Netflix’s recently released drama See You Yesterday presents an engaging blend of high concept sci-fi and an uncompromising grounded reality.
Directed and co-written by Stefon Bristol, the film follows C.J. and Sebastian – two genius NYC-based teenagers who discover time travel. When C.J.’s brother is racially profiled and killed while unarmed by police, the two repeatedly travel back in time to prevent the tragedy from occurring.
After looking at the credits it’s no surprise that Spike Lee serves as a producer on See You Yesterday. The acclaimed director’s touch can be felt throughout the film in the best ways. Like Lee, Bristol and co-writer Fredrica Bailey craft a film examining racial issues that are seen on a daily basis throughout the United States, but through an intimate lens. C.J.’s and Sebastian’s setting inside New York City feels vibrant and filled with personality reminiscent of Lee’s filmography like Crooklyn. In one moment C.J. and Sebastian visit a bodega, giving the owner Carlito a friendly fist bump and hand shake as they enter. As the two protagonists travel through their familiar city hotspots such as Brooklyn, these little details make their world feel tangible and lived-in.

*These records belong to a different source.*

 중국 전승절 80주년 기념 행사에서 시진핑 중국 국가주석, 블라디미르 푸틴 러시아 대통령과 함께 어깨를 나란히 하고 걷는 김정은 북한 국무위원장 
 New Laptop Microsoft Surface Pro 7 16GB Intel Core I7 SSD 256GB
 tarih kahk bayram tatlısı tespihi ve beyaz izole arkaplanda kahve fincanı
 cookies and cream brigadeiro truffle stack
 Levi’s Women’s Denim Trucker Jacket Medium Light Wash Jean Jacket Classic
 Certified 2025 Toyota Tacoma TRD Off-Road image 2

Though this is a world where C.J.’s and Sebastian’s brilliant minds should allow them limitless opportunity, their existence as black teenagers presents dangers that could cut their future unexpectedly short at any place and time. When C.J. and her brother Calvin have an argument on a neighborhood sidewalk that gets slightly heated, police show up; the officers angrily scold the two, demanding identification. It’s this real-world constant threat of racism that ends up taking the life of Calvin, and provides high stakes for this time traveling tale.

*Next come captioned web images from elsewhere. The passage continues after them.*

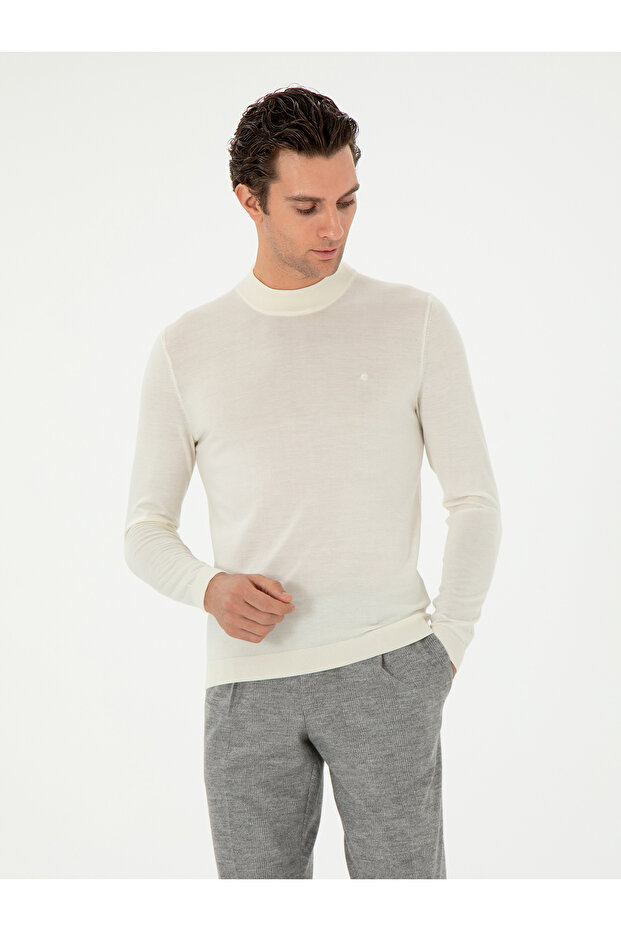Ecru Slim Fit Cashmere Silk Blended Quarter Turtleneck Knitwear Sweater 50296503-Vr019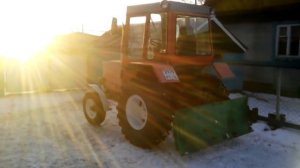 звук, работа  трактора т 25 зимой. утеплил капот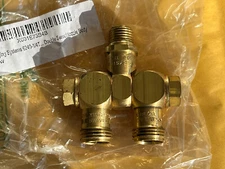 TeeJet Brass 1/4" Male MPT Double Swivel Body Assembly 6240-1/4TT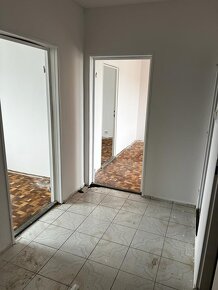 Predám 3 izbový byt ulica Michalská ,obec Hlohovec - 3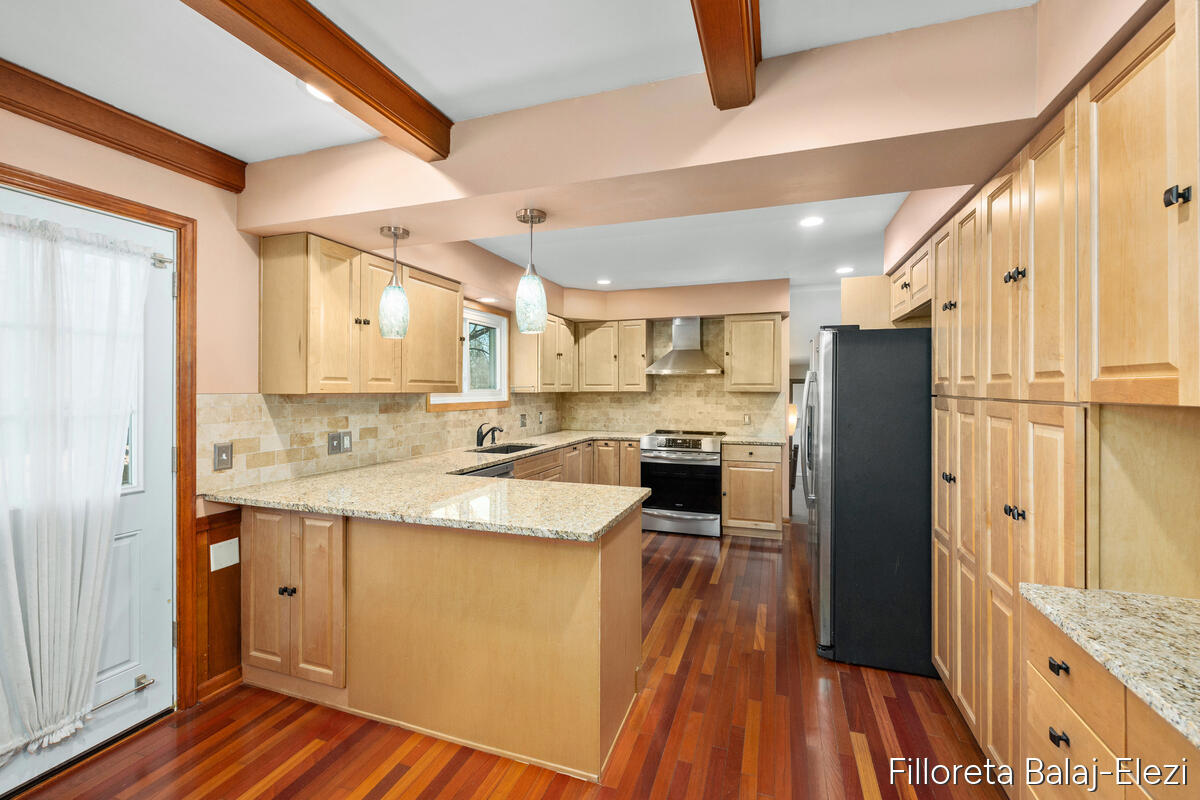 5023 Creekview Drive, Grand Rapids, MI, 49508-4944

The authenticity of See You Yesterday also stems from the script by Bristol and Bailey. The dialogue possesses a breezy and naturalistic quality which helps create characters you can easily invest in; when talking C.J. and Sebastian swear and joke around like teens do. At Carlito’s bodega when Sebastian asks C.J. to get her a red slushie, she tells him red’s not a flavor. “I don’t see a red label, so your ass is getting blue raspberry,” she playfully teases.

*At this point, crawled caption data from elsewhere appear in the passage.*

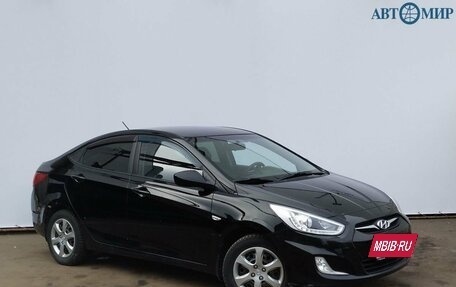 Hyundai Solaris II рестайлинг, 2013 год, 810 000 рублей, 3 фотография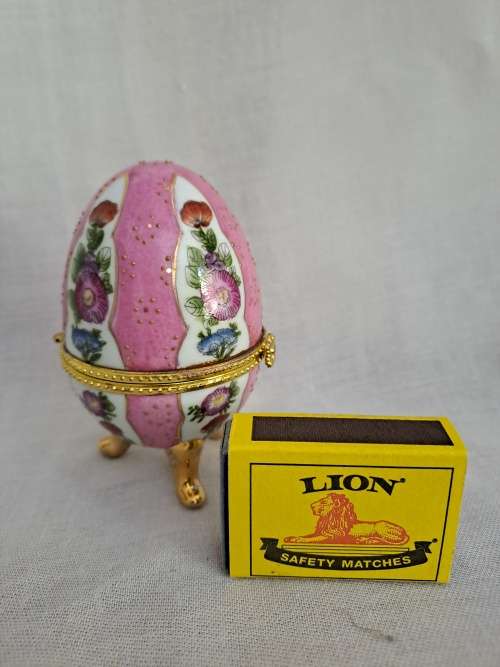 Egg Trinket Box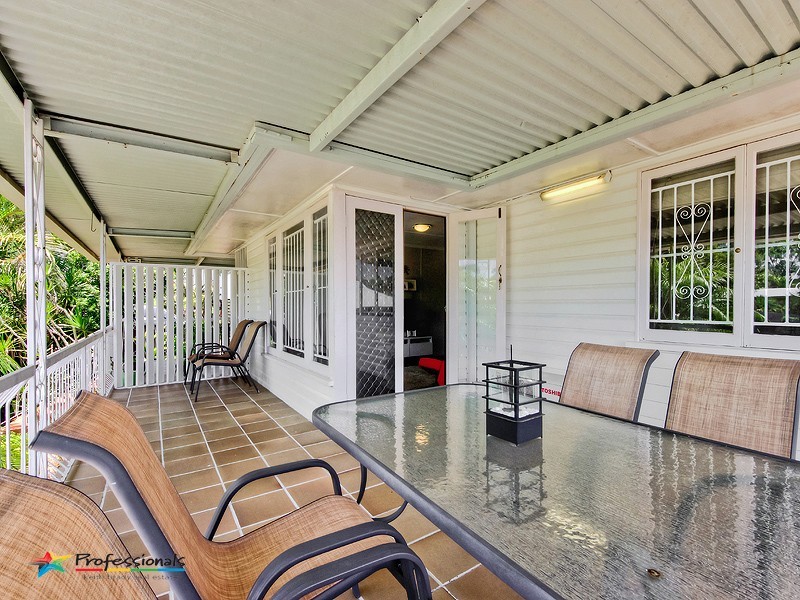 322 Kitchener Road, Stafford Heights QLD 4053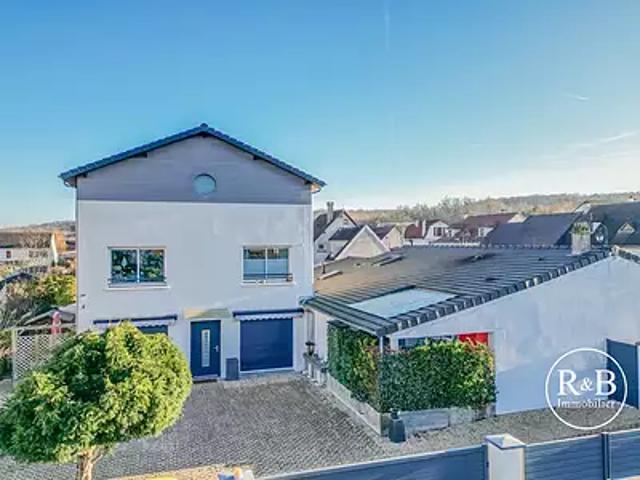 Les Clayes sous Bois 78340 Achat / Vente maison 9 pièces t9 au dernier étage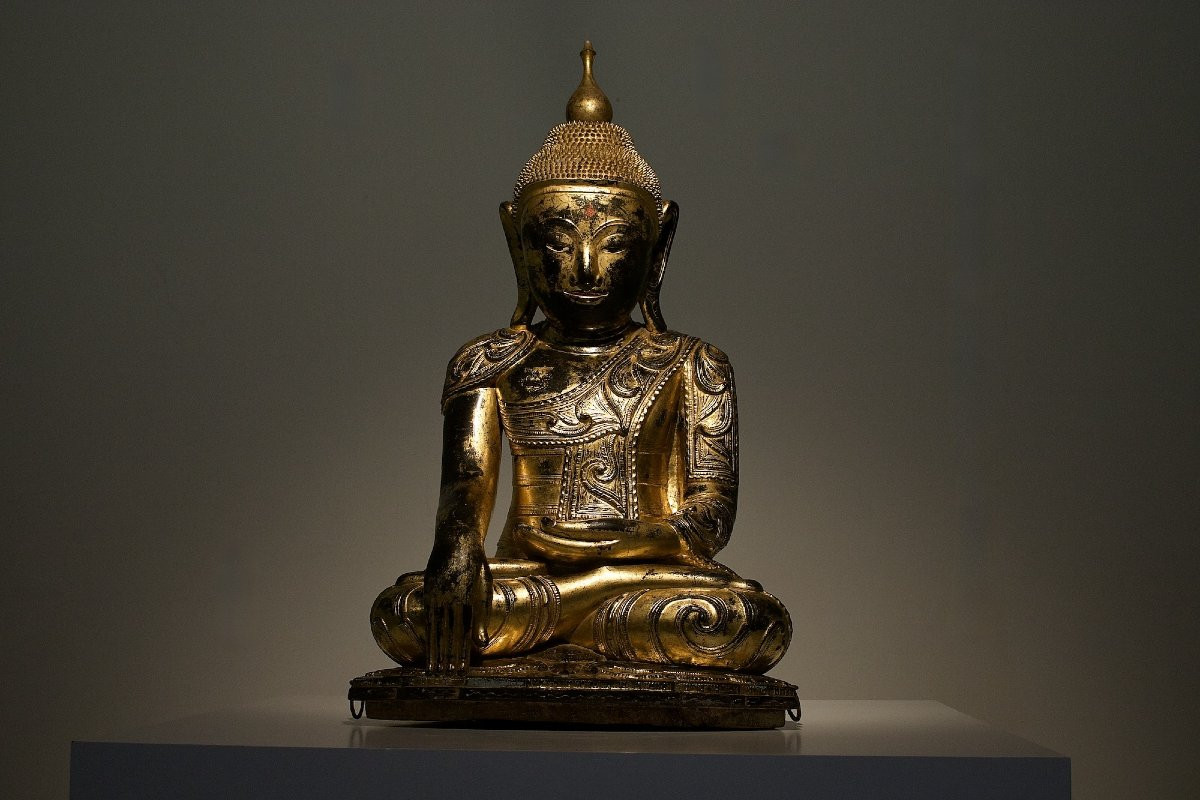 Buddha Shan In Bhumisparsha Mudra, Burma-photo-2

The dialogue and story wouldn’t be as resonant without its charismatic main cast members. Eden Duncan-Smith and Danté Crichlow possess a great dynamic as C.J. and Sebastian that’s allowed to run the gamut. Whether bantering back and forth as friends, engaging in techno babble, or arguing about the potential consequences of time travel they always give the material an emotional weight. Early in the film when C.J. and Sebastian make a first successful attempt to jump back in time, Duncan-Smith and Crichlow give their characters a palpable glee as they revel in their success. Brian ‘Stro’ Bradley also gives a quietly affecting performance as Calvin, a supportive and kind brother whose life is swiftly ended.
With a timely story that’s both rooted in science fiction and the issues of today, Netflix’s See You Yesterday is one not to let slide under your radar. You may not have the ability to travel back in time, but this impactful film will make you want to go back and watch it again.